The electorate has already sent a message: the current political settlement of strong oligarchies and weak democracies cannot stand

I never thought I'd find myself defending nationalism. As a political ideology, the proposition that an Irish crook should be closer to me than an English saint holds little attraction. But if I had to choose between the civil and civic movement for independence in Scotland and the British and international elites who sneer at it as mere atavism, I know which side I prefer. There's a very good case to be made against nationalism, but the technocratic elite dominating Europe is in no position to make it.

What’s the most extreme version of nationalism we’ve seen in the European Union in the last six years? It is the version promulgated by the European Central Bank. Faced with a Europe-wide banking crisis, at least partly created by EU policies (the poorly designed euro; the free movement of capital), European elites were quick to rediscover the centrality of the nationalism they had long derided.

Suddenly, the consequences of European policies were the responsibilities of nation states and their citizens. Anglo Irish Bank or Allied Irish Bank were no longer, as they had effectively become, European banks – they were 100 per guaranteed Irish. If – and this really happened – a British property company went bust having borrowed money from Anglo Irish, which in turn borrowed it from a Germany landesbank, who had to pay? Irish citizens who had no role in the transaction whatsoever. Why? Because Anglo was an Irish bank and Irishness was the central principle that trumped all others.

This has been the experience of a lot of European citizens in the last six years. We discovered in the most painful way that we were accountable for institutions that were not in any way accountable to us. We were found guilty on the basis of our nationality and punished accordingly. The hypocrisy is gross: nationalism is a silly and irrational anachronism except when it suits the elites for nationalism to be a fundamental and unalterable principle.


If those elites wanted to establish a powerful supra- national European identity they had a great opportunity to do so by making the banking crisis a shared European responsibility. Instead they were utterly determined to define it as a series of strictly national disasters, created – it was implied – by weaknesses in the national characters of the Greeks, the Irish, the Portuguese and the Spanish.

But surely nationalism is irrational? Indeed it is – and the current orthodox ideology is what? A paragon of evidence-based rationality? Or a brainless zombie politics that keeps going long after it has died? Neo-liberalism and its cult of free-flowing capital revealed its nakedness in the banking crash, but it lives on.

Failed austerity continues

The outsized, overweening global finance industry is back in business. Europe-wide austerity has failed spectacularly – but it continues. Evidence is irrelevant – these beliefs are sacred scripture.

There’s another layer of hypocrisy in this. So-called ordinary people are told they have disgraced themselves when they don’t vote. They’re called apathetic. But one of the interesting things about the Scottish referendum campaign is that apathy has been a big loser. The level of engagement has shown that people are not apathetic – they’re just sick of their votes making no difference to their lives.
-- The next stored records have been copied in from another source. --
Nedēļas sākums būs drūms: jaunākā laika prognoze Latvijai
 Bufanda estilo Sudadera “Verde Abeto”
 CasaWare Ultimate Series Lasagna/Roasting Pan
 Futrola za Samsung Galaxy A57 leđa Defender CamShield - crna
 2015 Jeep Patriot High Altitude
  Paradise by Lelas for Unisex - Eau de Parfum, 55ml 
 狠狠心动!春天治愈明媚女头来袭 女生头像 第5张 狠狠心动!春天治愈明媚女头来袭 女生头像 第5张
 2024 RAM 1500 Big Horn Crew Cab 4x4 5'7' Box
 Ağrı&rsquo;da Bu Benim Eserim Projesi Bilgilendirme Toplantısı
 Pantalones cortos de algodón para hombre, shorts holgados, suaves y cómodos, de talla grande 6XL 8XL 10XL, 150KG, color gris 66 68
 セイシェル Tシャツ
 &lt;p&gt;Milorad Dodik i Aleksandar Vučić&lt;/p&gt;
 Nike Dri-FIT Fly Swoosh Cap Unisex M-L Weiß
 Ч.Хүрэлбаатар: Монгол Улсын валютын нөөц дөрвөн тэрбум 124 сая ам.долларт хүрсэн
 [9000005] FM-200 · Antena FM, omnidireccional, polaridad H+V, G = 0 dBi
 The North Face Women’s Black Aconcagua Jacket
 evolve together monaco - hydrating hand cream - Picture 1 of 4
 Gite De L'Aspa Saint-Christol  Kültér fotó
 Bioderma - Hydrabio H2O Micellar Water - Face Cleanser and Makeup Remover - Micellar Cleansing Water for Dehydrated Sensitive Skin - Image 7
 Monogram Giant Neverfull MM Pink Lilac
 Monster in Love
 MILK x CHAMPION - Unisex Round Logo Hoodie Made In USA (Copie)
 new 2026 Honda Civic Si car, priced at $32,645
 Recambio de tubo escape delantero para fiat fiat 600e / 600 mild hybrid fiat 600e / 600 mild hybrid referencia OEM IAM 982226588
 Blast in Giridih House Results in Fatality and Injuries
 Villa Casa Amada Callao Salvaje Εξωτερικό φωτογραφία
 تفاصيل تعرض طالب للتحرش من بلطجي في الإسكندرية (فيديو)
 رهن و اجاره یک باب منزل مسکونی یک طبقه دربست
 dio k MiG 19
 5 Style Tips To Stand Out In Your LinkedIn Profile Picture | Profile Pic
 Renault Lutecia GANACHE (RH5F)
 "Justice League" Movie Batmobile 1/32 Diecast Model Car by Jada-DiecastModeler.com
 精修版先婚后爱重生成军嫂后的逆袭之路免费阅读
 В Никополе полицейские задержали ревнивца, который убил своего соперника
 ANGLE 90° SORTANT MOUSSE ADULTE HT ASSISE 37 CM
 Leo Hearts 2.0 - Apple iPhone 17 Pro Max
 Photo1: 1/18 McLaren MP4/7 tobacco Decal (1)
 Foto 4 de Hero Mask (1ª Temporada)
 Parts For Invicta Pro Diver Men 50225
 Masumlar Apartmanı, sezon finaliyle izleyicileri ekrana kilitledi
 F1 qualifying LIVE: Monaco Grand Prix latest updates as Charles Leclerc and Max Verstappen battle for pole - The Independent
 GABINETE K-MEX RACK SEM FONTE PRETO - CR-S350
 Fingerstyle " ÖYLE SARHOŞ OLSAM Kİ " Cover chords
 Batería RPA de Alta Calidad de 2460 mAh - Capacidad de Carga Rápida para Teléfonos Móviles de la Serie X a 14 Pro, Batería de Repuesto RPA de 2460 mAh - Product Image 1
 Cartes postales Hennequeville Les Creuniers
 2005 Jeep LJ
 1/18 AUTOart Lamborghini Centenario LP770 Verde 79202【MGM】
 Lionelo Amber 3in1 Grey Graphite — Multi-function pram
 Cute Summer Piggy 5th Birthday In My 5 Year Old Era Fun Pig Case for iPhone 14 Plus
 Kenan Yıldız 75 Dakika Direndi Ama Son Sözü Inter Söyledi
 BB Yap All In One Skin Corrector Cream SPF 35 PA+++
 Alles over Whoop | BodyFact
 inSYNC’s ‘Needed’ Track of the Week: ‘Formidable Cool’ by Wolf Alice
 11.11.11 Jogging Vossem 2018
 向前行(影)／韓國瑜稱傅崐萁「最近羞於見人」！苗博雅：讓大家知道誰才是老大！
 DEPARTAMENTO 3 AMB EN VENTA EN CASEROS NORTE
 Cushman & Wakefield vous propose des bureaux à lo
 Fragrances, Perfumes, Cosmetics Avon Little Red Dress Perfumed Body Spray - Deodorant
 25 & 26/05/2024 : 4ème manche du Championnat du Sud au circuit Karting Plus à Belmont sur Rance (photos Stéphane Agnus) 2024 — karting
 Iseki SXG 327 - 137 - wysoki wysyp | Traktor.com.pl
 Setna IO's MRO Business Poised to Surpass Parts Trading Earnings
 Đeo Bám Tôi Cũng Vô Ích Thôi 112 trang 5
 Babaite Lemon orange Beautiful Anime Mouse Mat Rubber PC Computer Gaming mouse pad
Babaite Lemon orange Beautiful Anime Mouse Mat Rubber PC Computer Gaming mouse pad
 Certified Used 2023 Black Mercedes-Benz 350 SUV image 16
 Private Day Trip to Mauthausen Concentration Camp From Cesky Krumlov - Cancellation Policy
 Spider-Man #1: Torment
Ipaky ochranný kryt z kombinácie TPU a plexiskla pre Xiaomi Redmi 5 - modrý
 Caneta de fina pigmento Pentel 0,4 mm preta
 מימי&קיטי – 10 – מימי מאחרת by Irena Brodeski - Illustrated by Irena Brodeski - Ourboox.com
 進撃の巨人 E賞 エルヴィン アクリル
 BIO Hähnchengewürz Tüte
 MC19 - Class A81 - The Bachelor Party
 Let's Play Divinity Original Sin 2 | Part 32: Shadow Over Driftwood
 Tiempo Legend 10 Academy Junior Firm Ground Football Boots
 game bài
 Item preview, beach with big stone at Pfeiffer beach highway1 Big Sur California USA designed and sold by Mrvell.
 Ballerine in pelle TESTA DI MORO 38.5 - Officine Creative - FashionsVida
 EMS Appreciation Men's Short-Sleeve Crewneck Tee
Give them a chance to make a decision that just might make their future choices more meaningful and they grasp it. There are worse things than apathy – hateful and dangerous passions. But there are also better things than apathy and one of them may be people getting involved in peaceful and constructive arguments about who they are to call “we”, about what form of polity might give them the best chance of being able to affect the decisions that affect them.

That debate has already achieved something startling: it has killed the United Kingdom as we know it. If the Scots vote Yes on Thursday, the death will be sudden and shocking. But even if they vote No, it will be on the basis of the promise of greatly enhanced powers for a Scottish parliament – in effect the beginning of a radically altered federalised UK. A federal state will force huge changes in Britain – a written constitution, for example, and a federal second chamber at Westminster to replace the House of Lords. The political architecture of "these islands" is about to change radically and it will be Scots, by their engagement in the debate, who will have set that change in motion.

The Scots have already sent a message: the current political settlement of strong oligarchies and weak democracies cannot stand. People all over Europe will have to involve themselves in big fights – about equality, about accountability, about how to balance public needs and private demands. Nationalism may be one of the languages they speak but what matters is what they are using it to say.